Такой результат был связан с усилением образовательных требований. С 1922 года преподавателями и администрацией рабфака начали разрабатываться единые учебные программы. Эпоха хаотичной проверки знаний «бригадными» методами прошла и уступало место экзаменам. Росли также требования к квалификациям преподавателей рабфака, и в 1926 году в Москве были созданы курсы по их переподготовке. К концу 1920‑х годов рабфак МГУ был разделён уже на четыре уклона: технический, естественный, общественный и педагогический.
Общественная жизнь рабфаковцев становилась разнообразнее. В июне 1923 года в Московском университете стала выпускаться газета рабочего факультета «Рабфаковец». Рабочие силы студентов рабфака использовались во время летних каникул для политико-просветительской работы в деревне: рабфаковцы организовывали в сельской местности работу комсомольских ячеек и сельских клубов, помогали подъёму сельского хозяйства. Также группы рабфаковцев нередко брали шефство над фабричными общественно-политическими кружками и типографиями.
Были и отдельные общественные кампании. В 1928 году рабочий факультет оказал значительную поддержку коллективу МГУ в работе по ликвидации неграмотности в Хамовническом районе Москвы. Рабфак выделил для этой работы 350 студентов, которые совместно со студентами других факультетов обучили до двух тысяч неграмотных. После начала «великого перелома» в сельской политике рабфаковцы из МГУ активно участвовали в хлебозаготовках 1929–1930 годов, вели пропагандистскую работу в деревне в рамках политики коллективизации.
Ликвидация
Все перечисленные выше элементы обыденной студенческой жизни 1920‑х годов уже не были похожи на хаотичную осаду пролетариатом стен старого университета. Теперь сами университеты — и МГУ не исключение — были пролетарскими. А после политики ликбеза и подъёма образовательного уровня в школах потребность в «костыле» для рабочей молодёжи уже не была столь сильной.
19 сентября 1932 года ЦИК СССР издал постановление «Об учебных программах и режиме в высшей школе и техникумах», согласно которому вводились вступительные испытания для всех поступающих по ряду предметов (математике, химии, физике, родному языку и обществоведению). Кроме этого, постановление предусматривало укрепление университетов, и тем самым сводило на нет все попытки по разделению МГУ на ряд независимых институтов.

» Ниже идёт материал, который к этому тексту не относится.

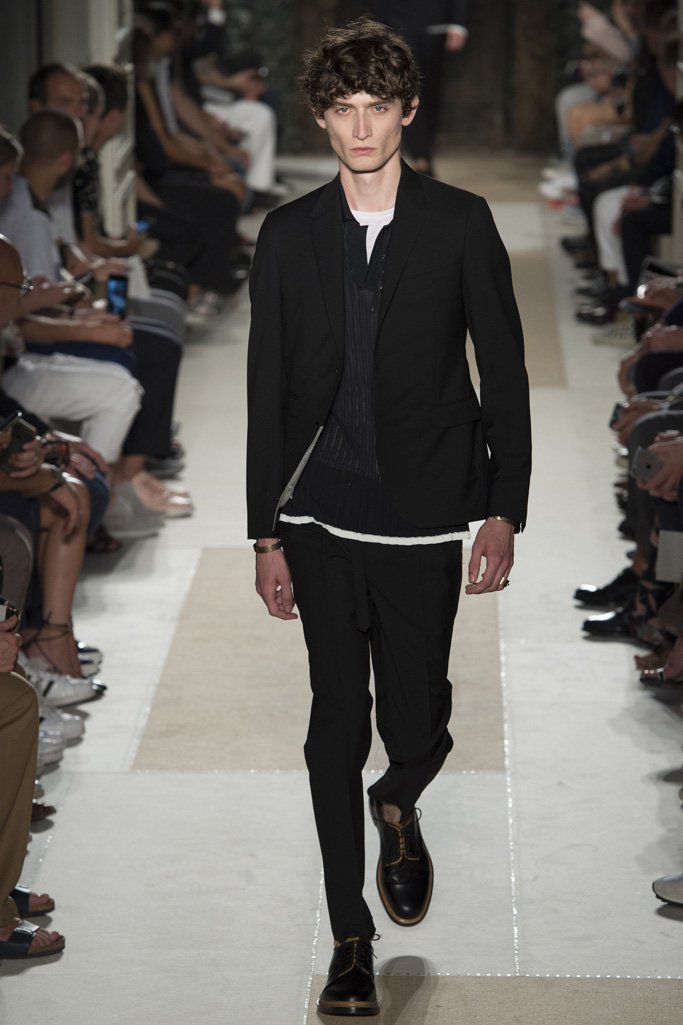 Valentino（华伦天奴）2024巴黎时装发布会男装秀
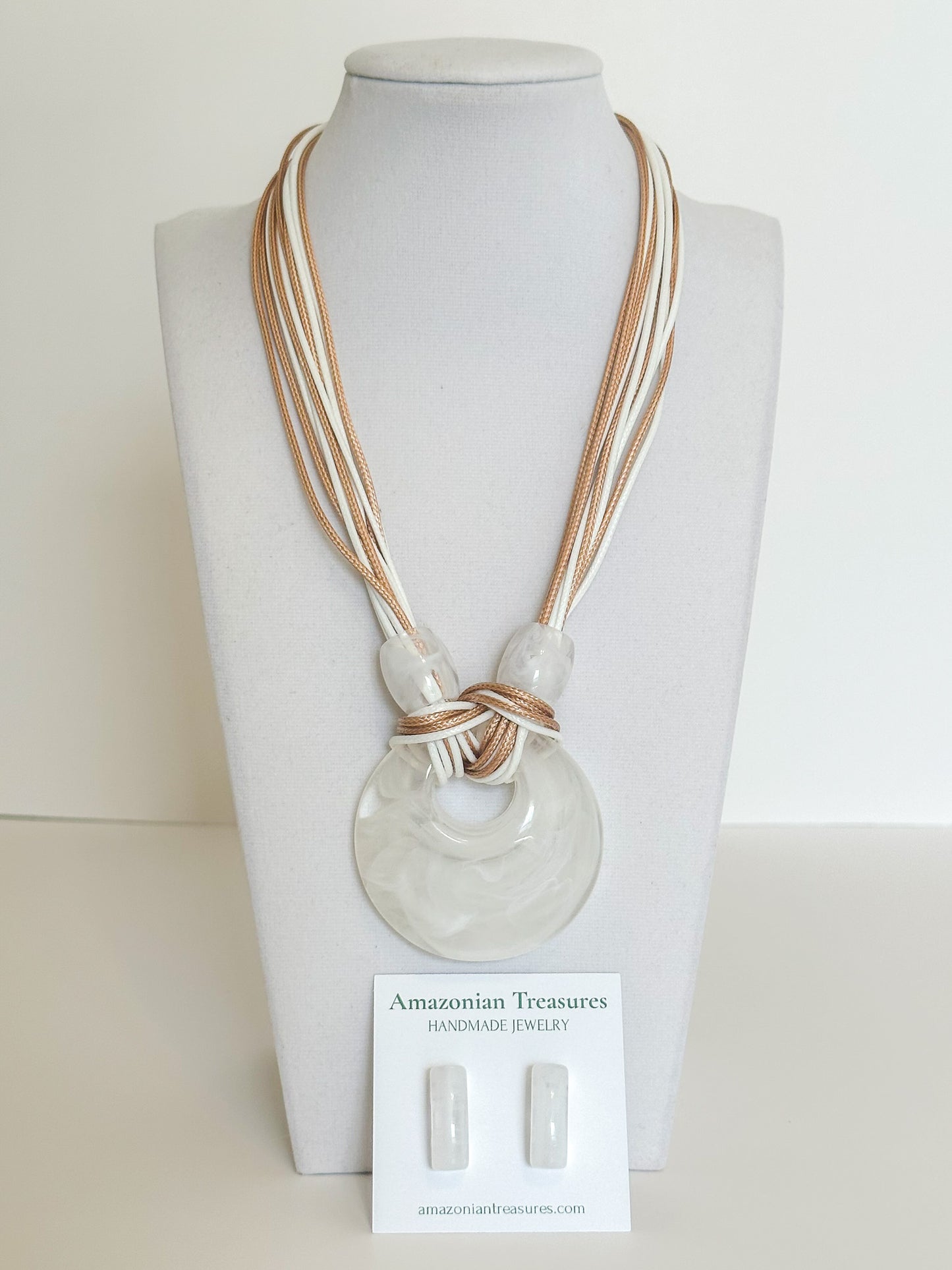 Cotton cord necklace with resin circle pendant and matching resin earrings designed by a Brazilian jewelry studio - White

В 1935 году другим постановлением ЦИК и СНК СССР были отменены все установленные ранее ограничения по приёму в вузы, связанные с социальным происхождением. Таким образом, ликвидировалось и привычное для послереволюционных лет разделение на привилегированных пролетариев и «бывших» — по крайней мере, формально. Существование отдельных рабочих факультетов тем самым теряло смысл.
В сентябре 1937 года ЦК ВКП(б) выпустило постановление «О рабфаках». Отмечая положительные итоги деятельности рабфаков, «ЦК признаёт необходимым, чтобы Совнарком и Наркомпрос РСФСР приняли необходимые меры к укреплению сети рабфаков и к дальнейшему улучшению постановки в них учебного дела». Но одновременно в этом же году приказом Наркомпроса Рабочий факультет МГУ был закрыт. Противоречие? Отнюдь нет. Ликвидация сети полноценных рабфаков растянулась на несколько лет, вплоть до конца 1940‑х годов, но главный вуз страны уже был готов самостоятельно отбирать «лучших из лучших», формируя интеллектуальную элиту советского государства.
«Отмирание» рабочего факультета МГУ — одна из главных черт последних лет его истории. Это не кризис и не упадок, а именно потеря значимости его основных функций. Поэтому, скажем, можно наблюдать активное развитие на рабфаке общественной жизни, в которой рабфаковцы принимали участие наравне с остальным университетским коллективом. Разница между рабфаковцами и другими студентами стёрлась к тому времени окончательно.